The often-paired Rudolf Serkin (1903-1991) and Dimitri Mitropoulos–both in Minneapolis and in New York–often led to electric and startlingly exciting music-making of a high order. The 1886 D Minor Burleske of Strauss (9 February 1958)–which Serkin recorded commercially with Ormandy in Philadelphia–provides a kind of demonic excursion in one movement set off by tympanic beats and a pulsation indebted to Beethoven’s Fifth Symphony. Alternately convulsive and wistful in the manner of a Brahms waltz, the music twists and turns with volcanic fury, courtesy of the Serkin-Mitropoulos alchemy. The work’s natural percussive histrionics appeal to Serkin’s strong suits of a steely tone and blazing intensity. Serkin in an Atlanta interview recalled to me that he and Mitropoulos, having just performed Reger’s F Minor Concerto, had to repeat the last movement as an encore. And Mitropoulos always retained great sympathy for the music of Richard Strauss, including having programmed Death and Transfiguration with the NY Philharmonic in memoriam of Guido Cantelli.
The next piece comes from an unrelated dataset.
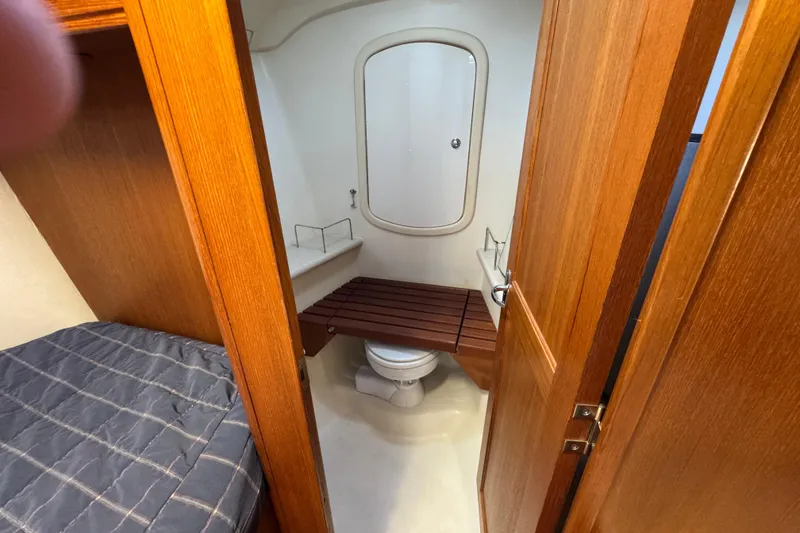 Slide: The Image of 2004 Hunter 41 Aft Cockpit yacht bathroom with wooden accents and compact design. - 48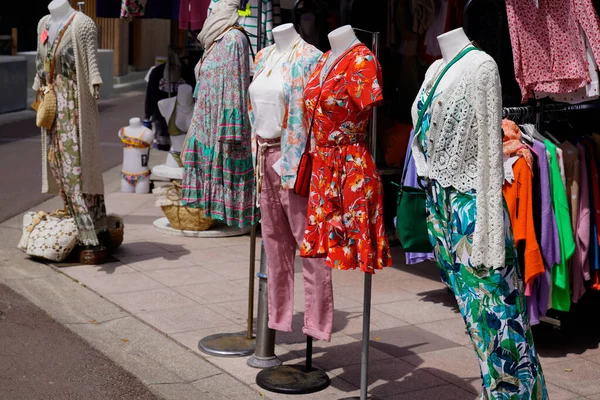 clothes shop in city street on front of store fashion dress women clothing outdoors boutique market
Shura Cherkassky (1909-1995) remains a kind of Cheshire Cat in music, a curiously naïve artist who commanded an extraordinary repertory and range of digital colors. His great ability lay in making familiar music assume new contours and interior tones, often with startling depth. He offers two different renditions of Liszt’s punishing Don Juan Fantasy (7 February 1952 and 5 March 1953) that differ in timing by just over 20 seconds. The stentorian opening section–the Commandatore’s D Minor invocations to Don Giovanni’s perdition–soon yield to the extended La ci darem la mano variations in which Cherkassky finds rhythmic and dynamic wiggle room in both interpretations. Cherkassky’s interior work, the play of contrapuntal motives in legato and broken figurations, quite testifies to an imposing technical arsenal. The passionate transition to the Champagne Cherkassky takes marcato e staccato, unleashing finally a torrent of drunken frenzy, the Don’s blasphemous sensuality. This is a Liszt rhapsody after all, not “just” Mozart, and the combination by Cherkassky blisters and massages in a combustible miracle of sound.
Gary Lemco


New Classcis.co January 2011

Rudolph Ganz (1876-1972) (GHCD 2377) was one of the most remarkable Swiss musicians of the 20th-century, as pianist, teacher and conductor. Born in Zürich, he was a pupil of Ferruccio Busoni in Berlin an from his earliest days he knew, performed and recorded music by the latest composers before World War I. When he went to America he became head of piano studies at the Chicago Musical College and conducted the St Louis Symphony Orchestra as well as the New York Philharmonic and Chicago Symphony Orchestras for many years. Ganz continued to give concerts in his 80s as a pianist, and the range of his achievements is considerable. This new CD is a magnificent tribute to a great musician, friend of Bartok, Korngold and Busoni – Ravel dedicated one of his most famous piano works to Ganz – and the conductor who gave the world premieres of music by Copland and Elliott Carter, among many others. This invaluable CD includes recordings from piano rolls of 1913, a radio interview given at the age of 80, and a very rare performance of Grieg’s Holberg Suite recorded in the late 1940s. The booklet notes are fascinatingly detailed and include many photographs. Also new from Guild is TOSCANINI – AVE ATQUE VALE (GHCD 2369/70), a double album featuring the great conductor’s first ever broadcast concert with the NBC Symphony Orchestra, an orchestra founded expressly for him in 1937 in New York. The Maestro’s last appearance with the Orchestra in April 1954 is also included, making this a true ‘hail and farewell’ to the art of the conductor many regard as the greatest of all. GREAT PIANISTS, VOL. 2 (GHCD 2367) features historic live performances by three masters of the keyboard from the latter half of the 20th-century: Alexander Brailowsky, Shura Cherkassky and Rudolf Serkin. The CD includes two performance of Liszt’s virtuoso ‘Don Giovanni’ Fantasy played by Cherkassky and the conductors are Serge Koussevitsky and Dmitri Mitropoulos, lending their own artistry to this unique release.